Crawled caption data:
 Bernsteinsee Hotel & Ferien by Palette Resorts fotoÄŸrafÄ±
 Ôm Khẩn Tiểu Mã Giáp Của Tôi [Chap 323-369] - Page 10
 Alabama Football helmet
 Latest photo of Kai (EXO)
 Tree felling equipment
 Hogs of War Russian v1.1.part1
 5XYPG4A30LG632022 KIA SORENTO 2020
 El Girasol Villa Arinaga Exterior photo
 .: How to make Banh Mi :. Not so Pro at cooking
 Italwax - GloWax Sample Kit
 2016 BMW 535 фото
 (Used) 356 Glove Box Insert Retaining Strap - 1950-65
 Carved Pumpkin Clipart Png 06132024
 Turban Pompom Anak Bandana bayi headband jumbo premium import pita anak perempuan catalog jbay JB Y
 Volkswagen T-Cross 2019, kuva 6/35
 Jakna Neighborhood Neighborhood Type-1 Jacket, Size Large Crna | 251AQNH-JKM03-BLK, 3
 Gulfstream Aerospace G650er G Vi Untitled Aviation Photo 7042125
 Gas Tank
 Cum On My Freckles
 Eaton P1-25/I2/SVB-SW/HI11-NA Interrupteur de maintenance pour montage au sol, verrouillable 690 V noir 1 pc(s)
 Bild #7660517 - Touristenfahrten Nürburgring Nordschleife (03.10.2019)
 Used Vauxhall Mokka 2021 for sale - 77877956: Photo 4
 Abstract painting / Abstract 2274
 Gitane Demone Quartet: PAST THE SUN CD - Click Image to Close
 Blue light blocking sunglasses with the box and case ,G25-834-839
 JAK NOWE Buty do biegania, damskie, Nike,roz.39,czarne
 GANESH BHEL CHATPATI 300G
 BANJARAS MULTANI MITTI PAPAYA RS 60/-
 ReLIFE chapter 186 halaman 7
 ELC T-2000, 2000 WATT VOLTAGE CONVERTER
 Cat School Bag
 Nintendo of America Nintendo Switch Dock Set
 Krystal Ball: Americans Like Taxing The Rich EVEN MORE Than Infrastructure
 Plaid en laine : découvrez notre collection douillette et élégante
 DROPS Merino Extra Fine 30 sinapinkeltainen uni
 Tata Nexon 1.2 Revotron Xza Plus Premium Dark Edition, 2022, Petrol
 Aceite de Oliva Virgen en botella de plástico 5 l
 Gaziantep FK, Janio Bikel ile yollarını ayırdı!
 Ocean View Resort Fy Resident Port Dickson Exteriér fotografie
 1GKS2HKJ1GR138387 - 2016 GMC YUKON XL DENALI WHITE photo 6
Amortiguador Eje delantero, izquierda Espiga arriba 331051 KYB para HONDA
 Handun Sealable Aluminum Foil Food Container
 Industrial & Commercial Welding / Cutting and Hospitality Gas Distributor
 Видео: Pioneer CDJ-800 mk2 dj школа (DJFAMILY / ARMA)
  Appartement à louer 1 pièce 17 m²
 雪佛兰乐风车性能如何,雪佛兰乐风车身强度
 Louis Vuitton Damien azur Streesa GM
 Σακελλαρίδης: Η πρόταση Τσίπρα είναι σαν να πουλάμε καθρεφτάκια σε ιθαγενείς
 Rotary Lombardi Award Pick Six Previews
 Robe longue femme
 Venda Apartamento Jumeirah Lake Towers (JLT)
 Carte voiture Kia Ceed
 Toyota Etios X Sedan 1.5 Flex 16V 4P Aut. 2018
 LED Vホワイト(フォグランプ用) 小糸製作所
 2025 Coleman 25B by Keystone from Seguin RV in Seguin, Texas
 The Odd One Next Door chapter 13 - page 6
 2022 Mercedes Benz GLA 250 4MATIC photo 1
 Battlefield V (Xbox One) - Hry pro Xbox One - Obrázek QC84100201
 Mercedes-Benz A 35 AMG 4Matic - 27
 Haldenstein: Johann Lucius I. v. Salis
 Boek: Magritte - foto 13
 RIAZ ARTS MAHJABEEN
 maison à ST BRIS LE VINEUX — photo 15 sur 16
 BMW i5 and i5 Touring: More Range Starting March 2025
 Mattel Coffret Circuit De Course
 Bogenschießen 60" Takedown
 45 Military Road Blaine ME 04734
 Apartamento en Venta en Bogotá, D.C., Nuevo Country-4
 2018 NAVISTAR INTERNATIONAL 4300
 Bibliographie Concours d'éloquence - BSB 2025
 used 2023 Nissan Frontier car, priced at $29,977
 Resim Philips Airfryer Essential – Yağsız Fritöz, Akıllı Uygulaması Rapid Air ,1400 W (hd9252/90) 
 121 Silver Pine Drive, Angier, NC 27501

- **Required work**:
Bring together all lines of the entries above in which the string "Benz" occurs.

- **Solution to this problem**:
 2022 Mercedes Benz GLA 250 4MATIC photo 1
 Mercedes-Benz A 35 AMG 4Matic - 27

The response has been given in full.